Friday 27th May 2011, 3:15PM BST.

High beef prices leave producers little time for complacency

With beef prices reaching £3/kg deadweight recently trade is predicted to remain buoyant for 2011 as supplies worldwide remain tight.

But despite this welcome news some finishers – in particular those finishing black and white bulls – will face continued pressure on profitability, according to industry specialists.

Speaking at this week’s Reducing Feed Costs for Intensive Beef meeting at Harper Adams, staged as part of the Better Returns West Midlands programme, EBLEX senior regional manager Clive Brown told delegates tighter supplies and improved exports would help support prices. “Forecasts for 2011 suggest we could see another record year for beef prices,” he said.

“Retail sales for 2010 were up 3% overall and although the market saw a small dip at the start of 2011 (due to consumers stock-piling freezers in December) we expect to see stable sales for 2011.”

Improved returns were welcome but finishers had to ensure cattle performance was on target to benefit, warned HAUC beef specialist Simon Marsh. “The majority of black and white bull finishers are not achieving targets,” he said.

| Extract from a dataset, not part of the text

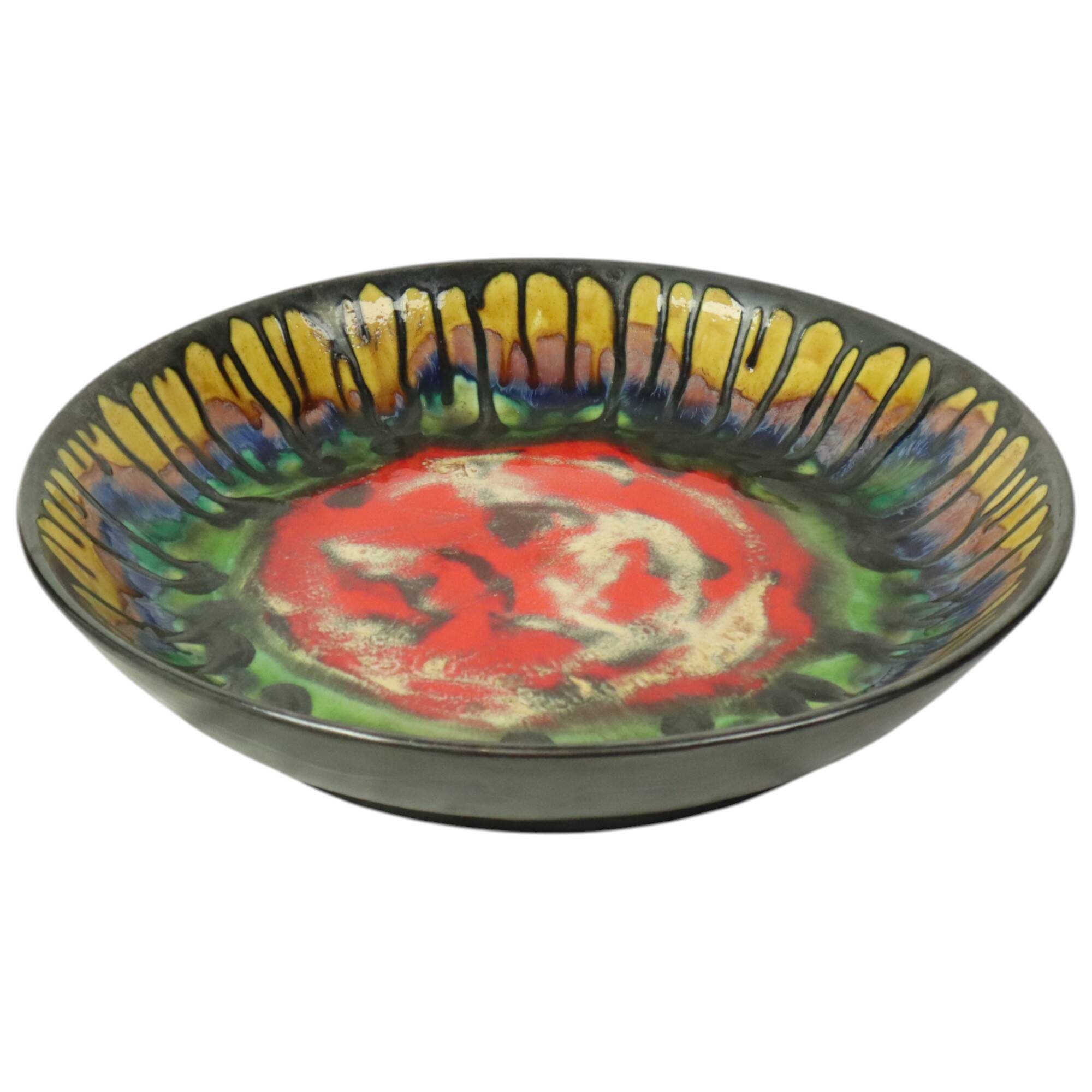 Fruit bowl XL Art Ceramics Wall decoration Drip glaze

Finishers should have bulls ready for slaughter at 540kg liveweight at 13 months old to achieve a 280kg carcase at grade -O, delegates were told. In 2009-2010 black and white bulls in the HAUC beef unit achieved a DLWG from 12 weeks old to slaughter of 1.4kg/head/day. Consuming 2.46t concentrates/head they achieved a feed conversion of 5.49:1 and recorded a gross margin of £339/head.

“Sadly, few black and white finishers are achieving that,” said Simon Marsh. “A recent survey of abattoir data highlighted most achieved a carcase weight of 274kg at 15.1 months old.”

Other factors also affected margins. Research at HAUC had shown continental dairy-bred calves sired by top 1% index beef sires finished 25 days earlier and 18kg heavier, adding £116/head to margins.

Producers also needed to monitor weight gains. The best dairy bulls doing 1.5kg/head/day should be left to add extra weight while those doing 1kg/head/day were unlikely to benefit margins and should be pulled out and sold early, he added.

“Anecdotally I have noticed when you take the first of the best bulls out for slaughter the remaining bulls in a pen appear to have a slight lift in performance. As these fast finishers are probably the most dominant animals it may be that the others have better access to feed and face less stress,” he reported.

The other factor often overlooked was fixed costs. Hard to pinpoint, HAUC margins allow for £10/head/month. “Our most recent batch of 13 month old black and white bulls sent away achieved £2.82/kg for -Os and after calf costs left £167/head. After fixed costs of £130/head, at 13 months old margins are tight.

“It emphasises the need to keep on top of performance as the margins are not great and finishers must try and must avoid P+ carcases since the difference in value to an -O grade is approximately £145,” he explained.